» ABOUT THIS EXERCISE
From the material below, retype exactly the lines that begin at the line with "Specimen Agat Gobi" and end after the line with "Kentish Plover, Iztuzu Beach-Dalyan, Turkey"; pictures stay out of the copy.

» DATA FOR PROCESSING
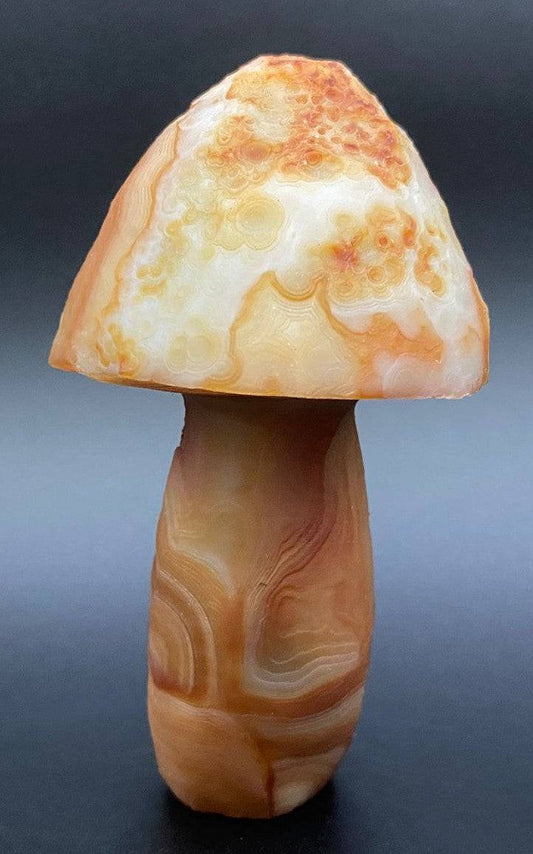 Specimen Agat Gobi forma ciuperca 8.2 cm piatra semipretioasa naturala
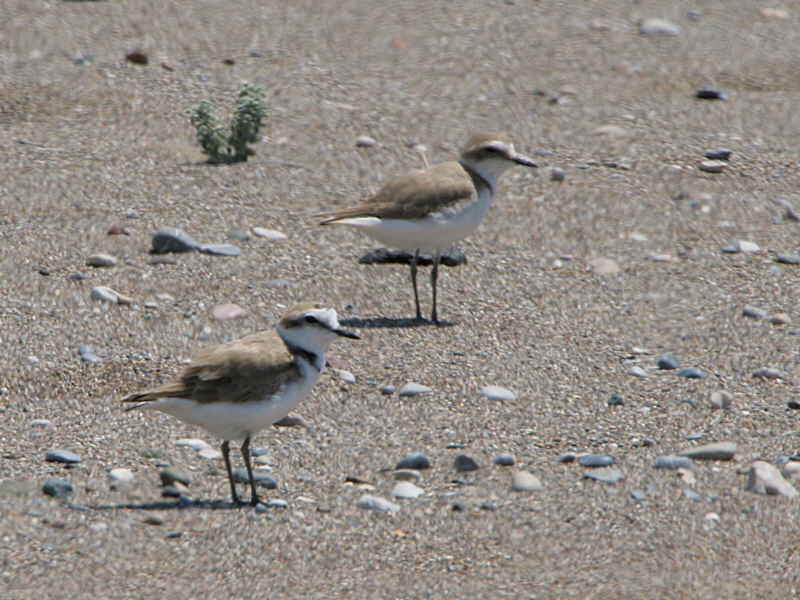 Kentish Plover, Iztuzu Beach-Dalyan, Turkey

==

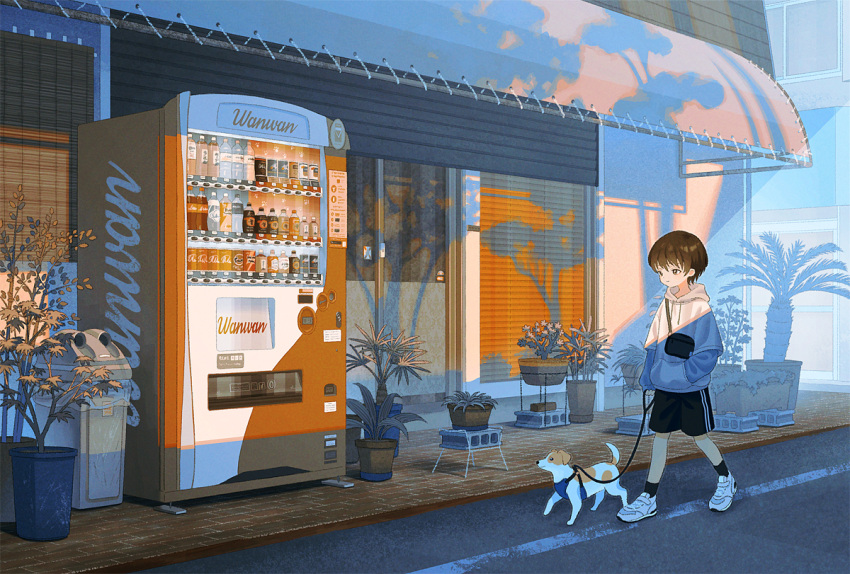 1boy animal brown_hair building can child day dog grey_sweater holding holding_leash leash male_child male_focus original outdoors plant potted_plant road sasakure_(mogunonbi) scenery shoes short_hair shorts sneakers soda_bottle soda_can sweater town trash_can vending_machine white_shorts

--

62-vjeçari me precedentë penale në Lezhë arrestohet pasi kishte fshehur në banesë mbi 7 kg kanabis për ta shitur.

» OUTPUT FOR THIS EXERCISE
 Specimen Agat Gobi forma ciuperca 8.2 cm piatra semipretioasa naturala
 Kentish Plover, Iztuzu Beach-Dalyan, Turkey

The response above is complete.